## [Records for this task]
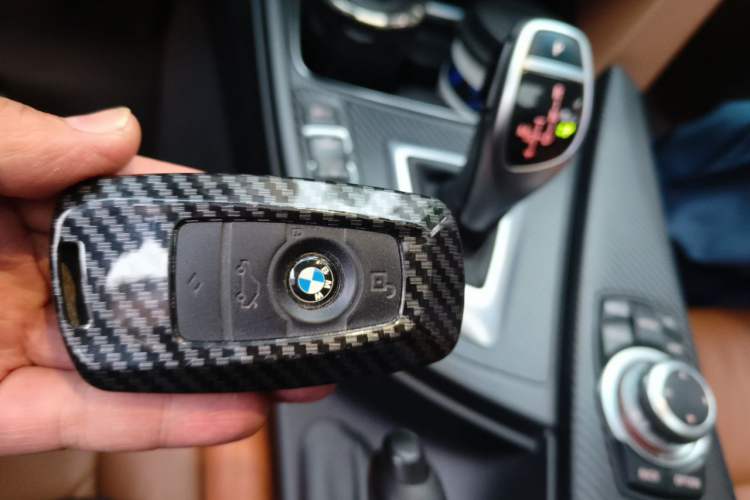 Used BMW 3 Series 2013 328Li Luxury Design Package Vehicle Key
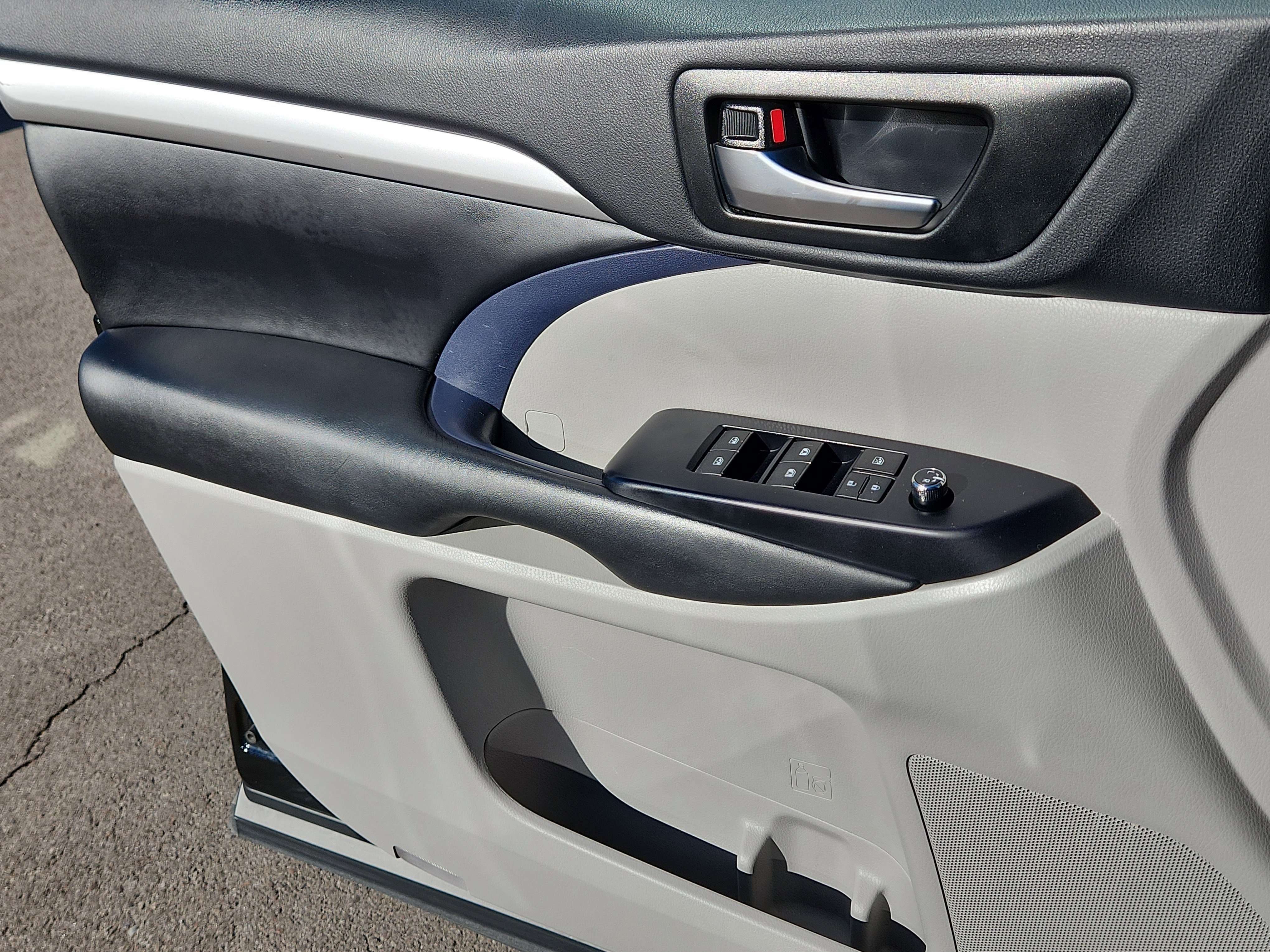 Certified 2019 Toyota Highlander XLE image 6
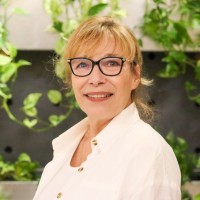 Paula Brunet Email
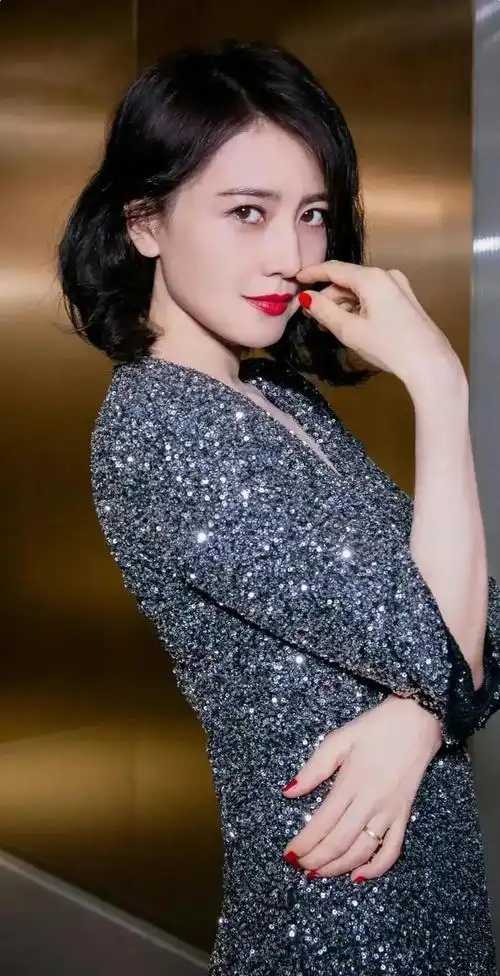 高圆圆身材不错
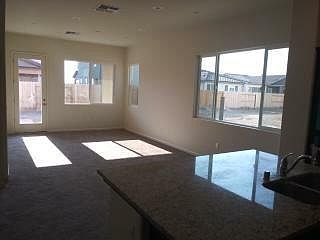 4th image of 4387 Strathmore Pl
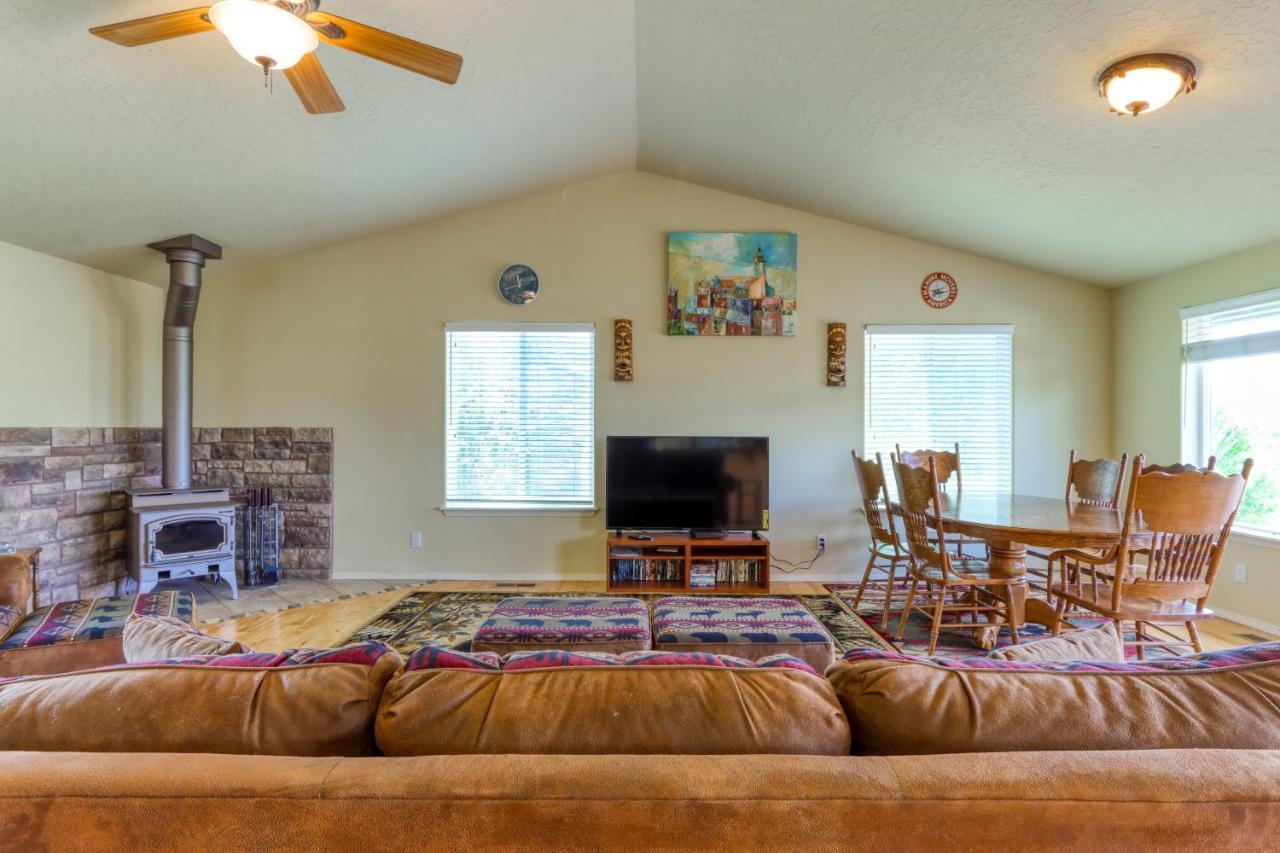 Meadow Walk Cabin ลาปีน ภายนอก รูปภาพ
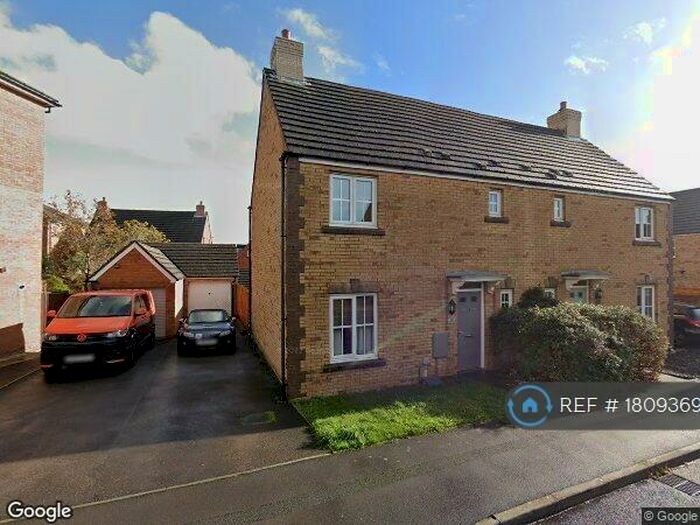 3 Bedroom Semi-Detached House To Rent In Cae Llwydcoed, Mid Glamorgan, CF31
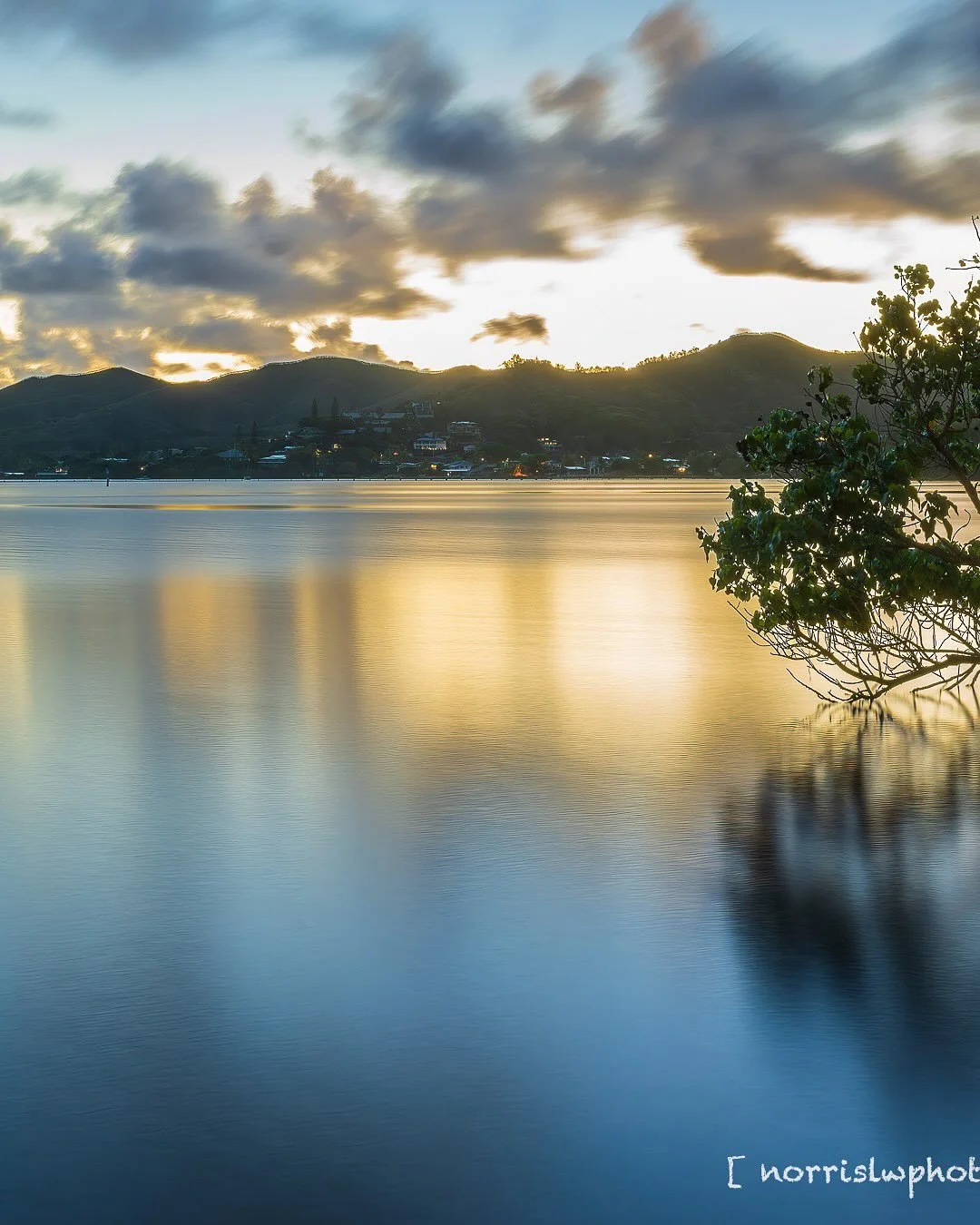 Slide &gt;&gt;&gt; resting on a bed lakeside 🏝️

#motivation #tuesday #sunrise 
#landscape #naturephotography 
#longexposurephotography #luckyweliveinhawaii #ig_hawaii #naturelovers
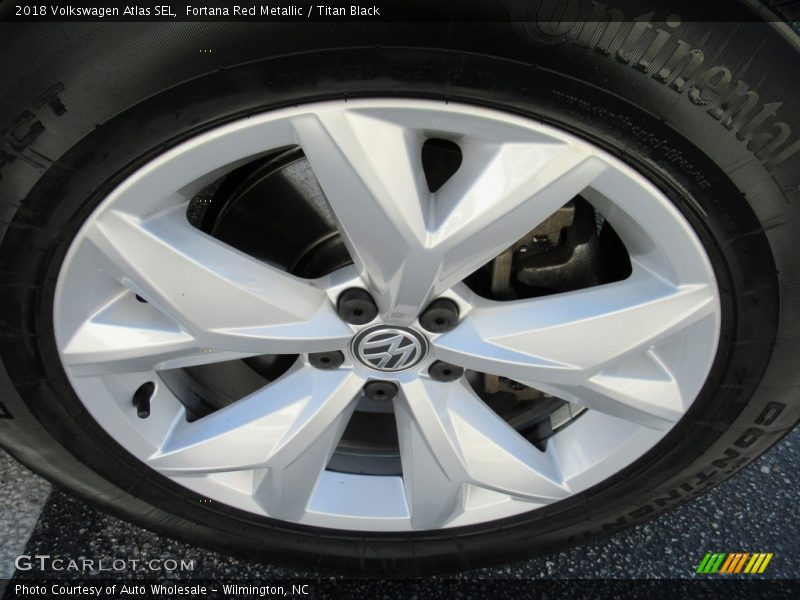 Fortana Red Metallic / Titan Black 2018 Volkswagen Atlas SEL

## [What the task requires]
Only the lines from the one containing "3 Bedroom Semi-Detached" through the end of the records above should be retyped, exactly as they stand, with any pictures left out.

## [Finished task]
 3 Bedroom Semi-Detached House To Rent In Cae Llwydcoed, Mid Glamorgan, CF31
 Slide &gt;&gt;&gt; resting on a bed lakeside 🏝️

#motivation #tuesday #sunrise 
#landscape #naturephotography 
#longexposurephotography #luckyweliveinhawaii #ig_hawaii #naturelovers
 Fortana Red Metallic / Titan Black 2018 Volkswagen Atlas SEL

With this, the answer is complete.